Top of RECORDS SHOWN
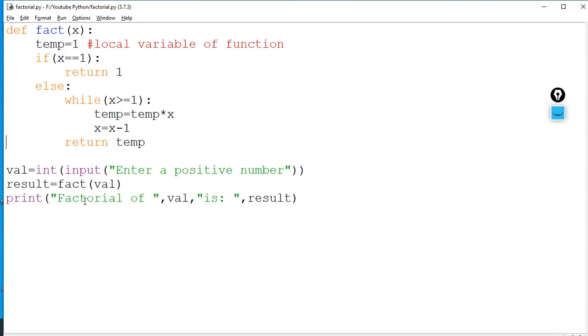A few students asked me about using functions. This is a good example. In the last tutorial we had a function that added two numbers.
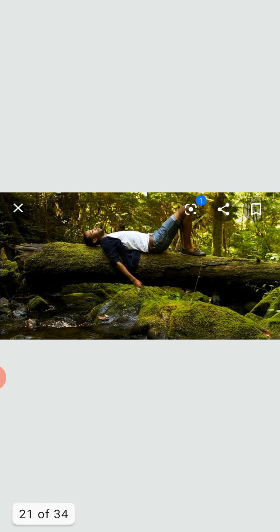Trees reduce wind speeds and cool the air as they lose moisture and reflect heat upwards from the leaf. It is estimated that trees can reduce the temperature in a city by up to 7 degrees Celsius. Trees also help prevent flooding and soil erosion, absorbing thousands of liters of storm water.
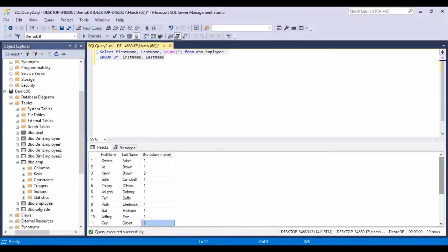We are able to scroll through this because we have a limited number of records. But in an actual real-time scenario, there might be millions of records in your table. So you cannot manually scroll through all the data to identify duplicates — it has to be automated through an SQL query. That is where the HAVING clause becomes useful.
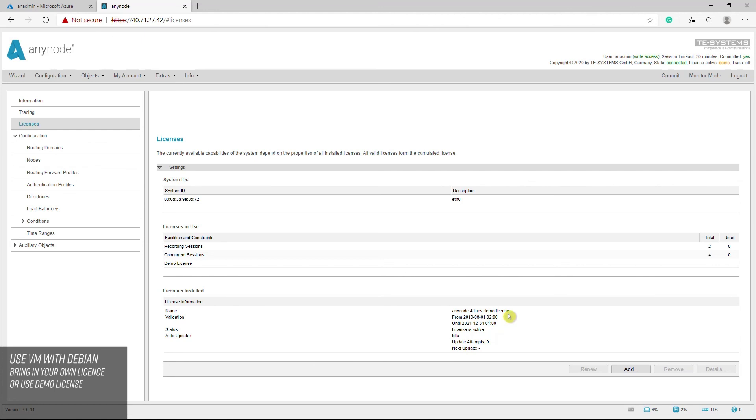If you want to test AnyNode with a trial without obligation, the free AnyNode demo license is automatically available with each AnyNode installation. The demo license is limited to four sessions and plays a sporadic voice announcement. Also the functions media pass through and internal pass replacement are not available.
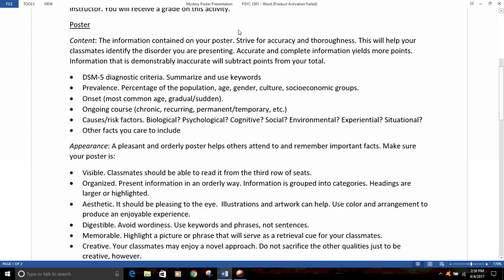The second part of the assignment is creating a poster to contain that information. The content of the poster is important — strive to be accurate and thorough. That will help your classmates identify the disorder you're presenting. Accurate and complete information will yield more points. Information that's demonstrably inaccurate will subtract points from your total. So look for reliable sources of information. I'll post a few helpful websites on Blackboard, and information from your textbook is pretty reliable as well. So, what kind of information content needs to be on the poster?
Bottom of RECORDS SHOWN
* WHAT TO DO
Leave the pictures out and return each entry exactly.

* EXPECTED ANSWER
A few students asked me about using functions. This is a good example. In the last tutorial we had a function that added two numbers.
Trees reduce wind speeds and cool the air as they lose moisture and reflect heat upwards from the leaf. It is estimated that trees can reduce the temperature in a city by up to 7 degrees Celsius. Trees also help prevent flooding and soil erosion, absorbing thousands of liters of storm water.
We are able to scroll through this because we have a limited number of records. But in an actual real-time scenario, there might be millions of records in your table. So you cannot manually scroll through all the data to identify duplicates — it has to be automated through an SQL query. That is where the HAVING clause becomes useful.
If you want to test AnyNode with a trial without obligation, the free AnyNode demo license is automatically available with each AnyNode installation. The demo license is limited to four sessions and plays a sporadic voice announcement. Also the functions media pass through and internal pass replacement are not available.
The second part of the assignment is creating a poster to contain that information. The content of the poster is important — strive to be accurate and thorough. That will help your classmates identify the disorder you're presenting. Accurate and complete information will yield more points. Information that's demonstrably inaccurate will subtract points from your total. So look for reliable sources of information. I'll post a few helpful websites on Blackboard, and information from your textbook is pretty reliable as well. So, what kind of information content needs to be on the poster?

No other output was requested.